Found a nice 10 acre horse property 17 miles out of town (Wyoming) that includes an indoor arena 105X150, 7 indoor stalls, an outdoor arena, access easement, lights in all areas, power at all stalls, 2 HUGE roll up doors at each end of the arena plus a side door for the horses to go outside at will and a (human) walk through door at the south end of the arena. Sounds like a dream right?...the kicker: there is no house on the property. One end of the arena, behind a wall where the stalls are located, is open and there used to be 12 stalls total. The current owner downsized and took out 5 stalls. 

My idea: Convert the end of the arena to living quarters for me and my girlfriend. Second pic shows where I'd like to build a house (where 5 stalls were removed) I currently have one horse and my GF wants her own plus maybe 2 more, no more. Since I don't need even the current 7 stalls for 4 horses, I planned to leave all 7 stalls intact and use the empty stalls for a grain room and maybe extra tack storage. There is existing saddle storage and tack hangs on the back of the wall currently. (just beyond white fridge) Last pic shows the interior wall inside the arena, behind it is where the stalls are located. 

Do I need to to worry about ventilation living in close proximity to my horses?
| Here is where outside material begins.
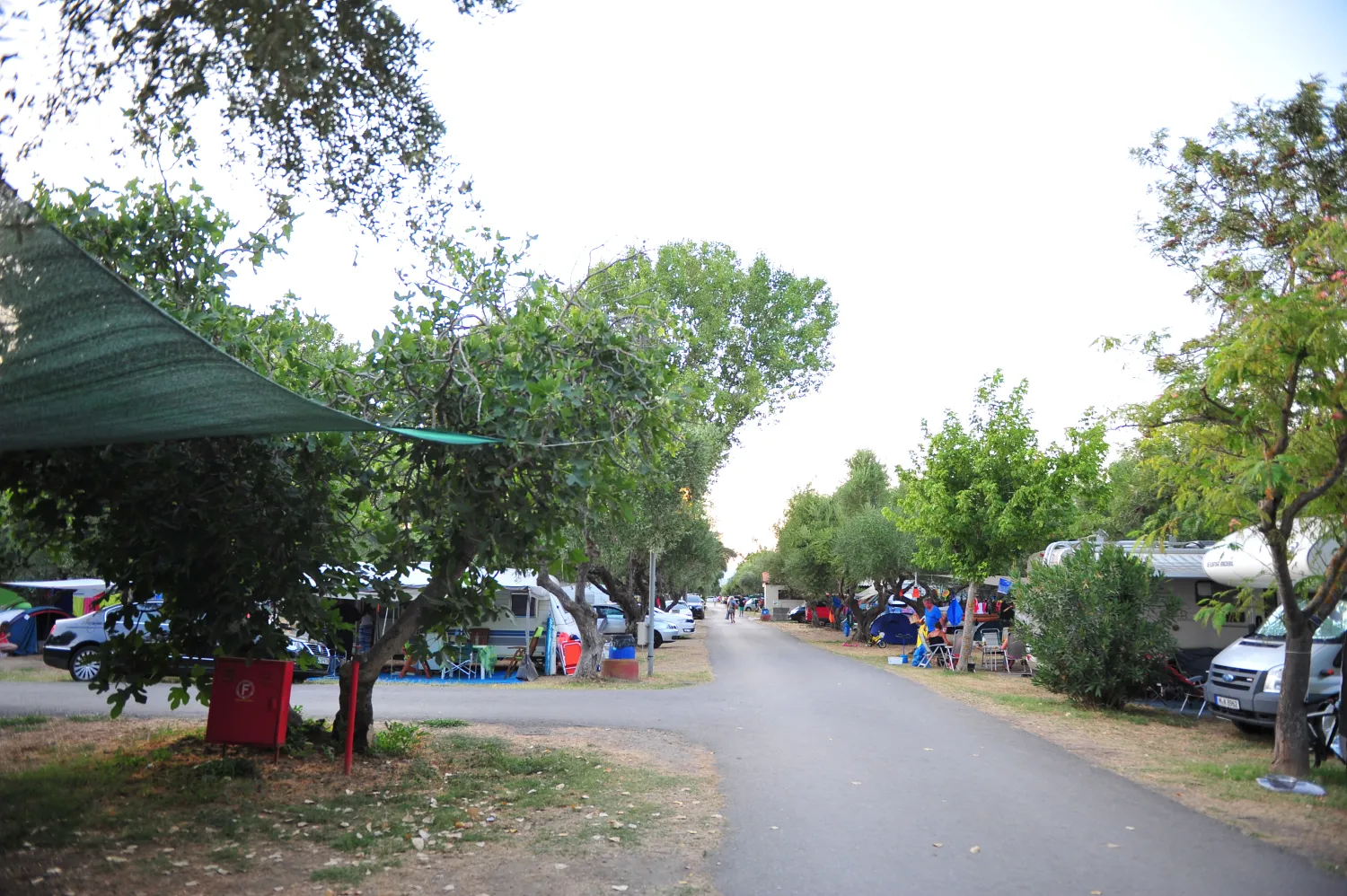 camping-gythion-bay-gythionlakonia-6i0pa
Is it going to be more cost effective to drop a mobile home on the property and call it a day? Can I simply move an RV into the arena while I'm building my house? I'd like to make good use of my money and make good decisions BEFORE I pull the trigger. As you can see from the pics, it's not hard to fall in love with this property, everything is all built: nice pipe corrals, grading work mostly done, etc. 

Any input would be greatly appreciated.

Your friend in horse world,

Robert


----------



## Avna (Jul 11, 2015)

You can live in an RV while building a house. It is done all the time. You will be much happier, or at least your girlfriend will be, in a place you can clean, heat, wash dishes in a sink, and go to the bathroom without freezing to death. Getting a mobile home may be an even better idea, depending of the quality and size. 

If you are planning to build the house yourself, and have never done so, get a mobile home. It's going to take you awhile. Speaking as someone who has built a house. In your climate you can't mess around with half-done.


----------



## QtrBel (May 31, 2012)

There are laws about housing as part of a barn/facility. Insurance has a lot to say on the subject as well. I have friends with apartments in barns and had they not have been designed as a part of the whole and professionally built it would have been miserable as well as (in her state) uninsurable. Does the barn have a restroom connected to a septic system? If so you can connect the RV or plan on finding a location that you can dump. There are totables that you can load up on a small trailer and perhaps pay a fee at a local RV campground to dump there. I assume there is water. I would not put the RV in the barn or arena but would place it where it gets protection from the building. The dust and sand will be an issue if it is inside.


----------



## horselovinguy (Oct 1, 2013)

Temporary housing in a camping trailer or rv is done all the time for those who travel to_ warmer climates i_n winter months...
I would not be parking my housing inside my indoor arena when you are also going to be wanting to ride indoors...
You will need a full septic/sewer hook-up, a reliable water supply that won't freeze in Wyoming into your living accommodations and a fantastic insulated accommodation so you *not* freeze to death during winter.
Downfalls of doing what you consider is filth, dust, reduced air-flow and natural breezes along with flies, smell and air allergens you will be immersed in...not the best for your lungs 24/7.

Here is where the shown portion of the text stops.